Data records ->
--- START ---

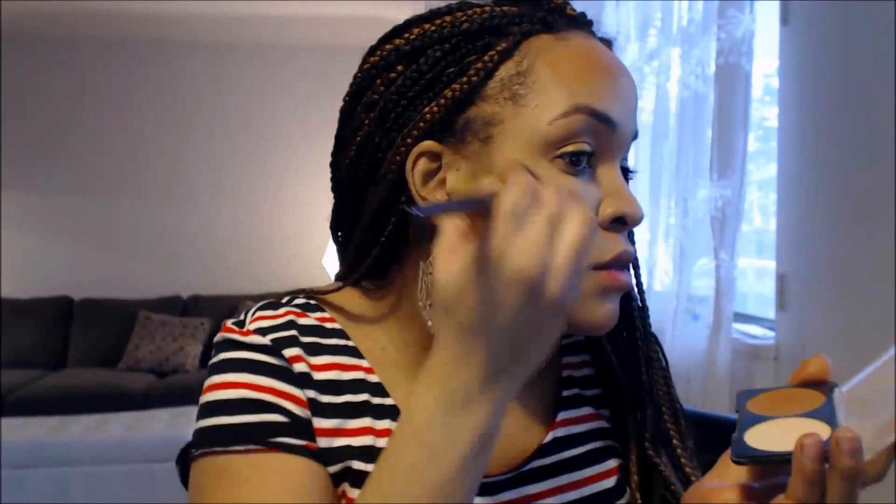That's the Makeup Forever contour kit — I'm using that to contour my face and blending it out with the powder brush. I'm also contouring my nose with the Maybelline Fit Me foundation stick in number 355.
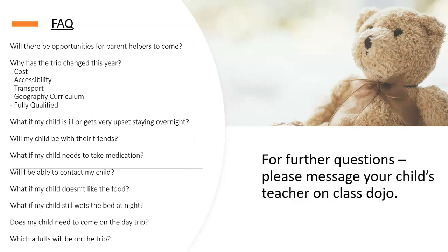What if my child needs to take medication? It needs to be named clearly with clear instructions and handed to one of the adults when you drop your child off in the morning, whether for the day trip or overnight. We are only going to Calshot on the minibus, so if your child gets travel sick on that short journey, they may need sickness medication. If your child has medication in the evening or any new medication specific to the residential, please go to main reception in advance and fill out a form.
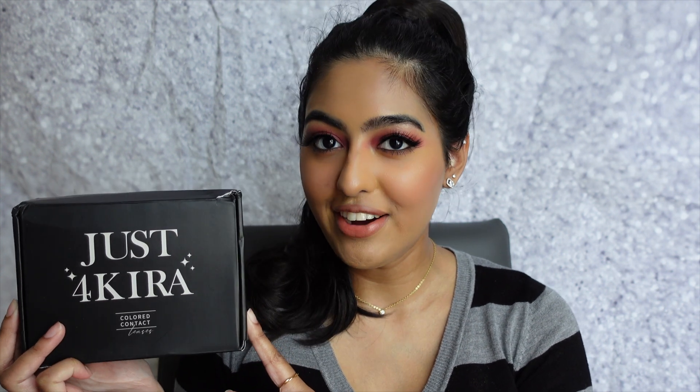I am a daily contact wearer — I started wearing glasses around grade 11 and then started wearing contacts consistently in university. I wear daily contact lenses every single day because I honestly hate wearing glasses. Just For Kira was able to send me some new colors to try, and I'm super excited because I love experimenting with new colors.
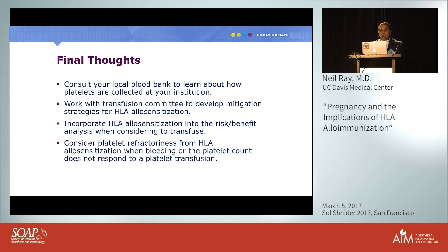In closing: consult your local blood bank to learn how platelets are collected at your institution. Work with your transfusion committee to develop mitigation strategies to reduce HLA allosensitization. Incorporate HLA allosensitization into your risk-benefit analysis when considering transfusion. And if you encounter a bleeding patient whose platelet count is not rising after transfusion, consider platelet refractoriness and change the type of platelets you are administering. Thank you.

--- END ---
--- START ---

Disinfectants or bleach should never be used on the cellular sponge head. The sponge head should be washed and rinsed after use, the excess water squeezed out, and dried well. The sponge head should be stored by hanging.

--- END ---

What you should do ->
Working from the records above, set down word for word everything from the line containing "What if my child" down to the line containing "I am a daily", ends included, minus the pictures.

Answer to this problem ->
What if my child needs to take medication? It needs to be named clearly with clear instructions and handed to one of the adults when you drop your child off in the morning, whether for the day trip or overnight. We are only going to Calshot on the minibus, so if your child gets travel sick on that short journey, they may need sickness medication. If your child has medication in the evening or any new medication specific to the residential, please go to main reception in advance and fill out a form.
I am a daily contact wearer — I started wearing glasses around grade 11 and then started wearing contacts consistently in university. I wear daily contact lenses every single day because I honestly hate wearing glasses. Just For Kira was able to send me some new colors to try, and I'm super excited because I love experimenting with new colors.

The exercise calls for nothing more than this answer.